As electricity demand grows and distribution spending rises, regulators and consumer advocates are increasingly being asked to evaluate not just whether grid investments are needed, but also how the risks of those investments should be managed. That means utility distribution planning increasingly needs to account for new assumptions and risk factors as utilities identify the local grid upgrades needed to serve new load, connect distributed energy resources, and maintain reliability.
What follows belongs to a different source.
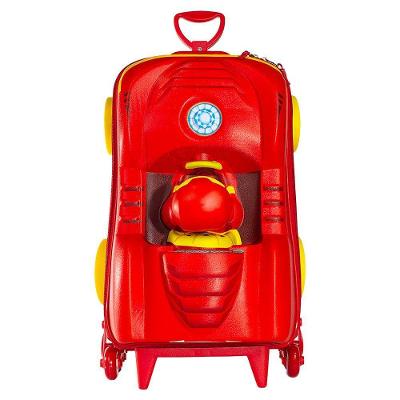 Mala Infantil 20L Poliester Homem de Ferro 3D com Rodinhas Vermelha Max Toy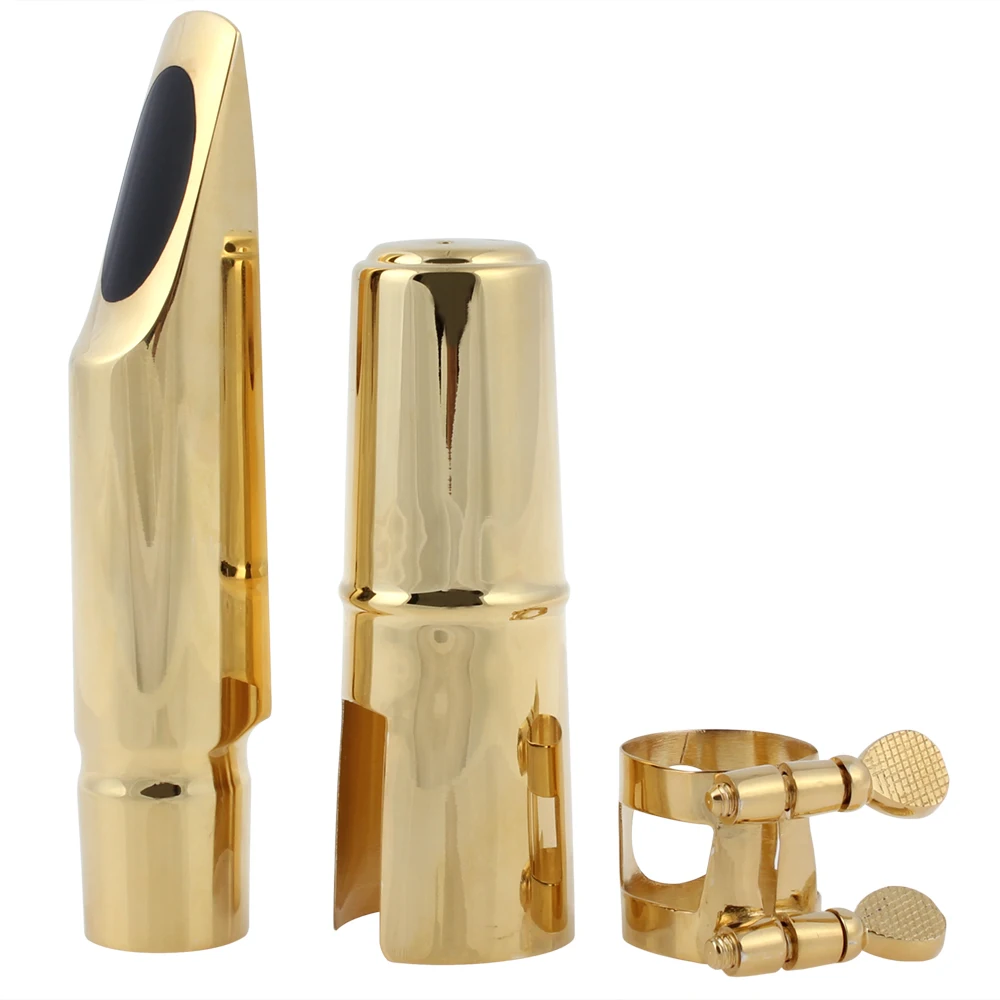 

Professional Gold Plated Metal Tenor Saxophone Mouthpiece 7 for Jazz Music + Mouthpiec Pads Cushion Sax Parts Accessories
Several overlapping trends are reshaping that task: Electrification from EVs and buildings is increasing demand quickly and unevenly; distributed energy resources (DERs), such as virtual power plants or VPPs, are making the grid more dynamic; and in the meantime, utilities are replacing aging infrastructure and spending to increase grid resilience against extreme weather. Together, these forces are driving rapid growth in distribution spending and creating a more uncertain planning environment.
This creates challenges for the existing approach to upgrading the distribution system. When the grid doesn’t have sufficient capacity, customers trying to electrify or connect DERs can face long wait times and unpredictable upgrade costs, as infrastructure upgrades can take years to plan and build. Reactive, piecemeal investments can leave other customers exposed to higher than necessary system costs without experiencing the benefits of electrification or connected DERs. A growing body of work suggests there is an alternative path: targeted proactive upgrades can improve customer timelines and, under the right conditions, reduce long-run costs. That is why states such as Minnesota, Massachusetts, and New York are already exploring proactive planning frameworks that aim to do both: enable electrifying loads and DERs and protect customers from unpredictable cost exposure.
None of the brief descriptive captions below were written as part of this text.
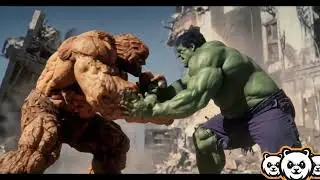 Hulk VS Thing Amazing Fight #ai #aivideo #fight #marvel #superhero #fighter #fightscene #hulk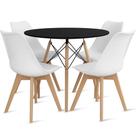 Conjunto Mesa Eames Redonda 90cm e 4 Cadeiras Saarinen Wood Brancas para Sala de Jantar, Eventos e Escritórios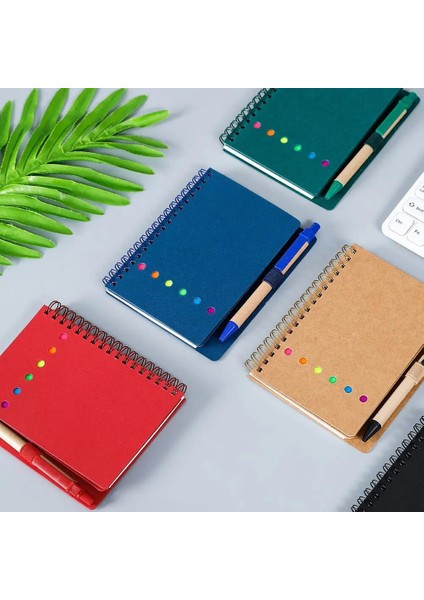 Kahve Sayfası Marker Kraft Kağıt Kapak Yapışkan Notlar Astarlı Spiral Defter Not Defteri Kalemli Iş Not Defteri Renkli Dizin Sekmeleri (Yurt Dışından) fırsatları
All of these proactive approaches rely on forecasts: how much load or DER uptake will materialize, where it will show up, and when. That is where the real challenge emerges. As utilities plan for future load and DERs that are not fully realized yet, it becomes harder to draw a direct and immediate line between investments and how the costs are distributed among customers. The same upgrade can lead to very different bill impacts depending on when and where load/DERs materialize. Proactive investments can lower costs, but if mistimed or mislocated, they can leave ratepayers, especially those already energy-burdened, paying for underused assets.
This is a core challenge to managing risk: not eliminating uncertainty but rather deciding up front how much risk utilities and customers should face when reality diverges from the plan. Without clear guardrails, forecast error can translate directly into inequitable bill impacts.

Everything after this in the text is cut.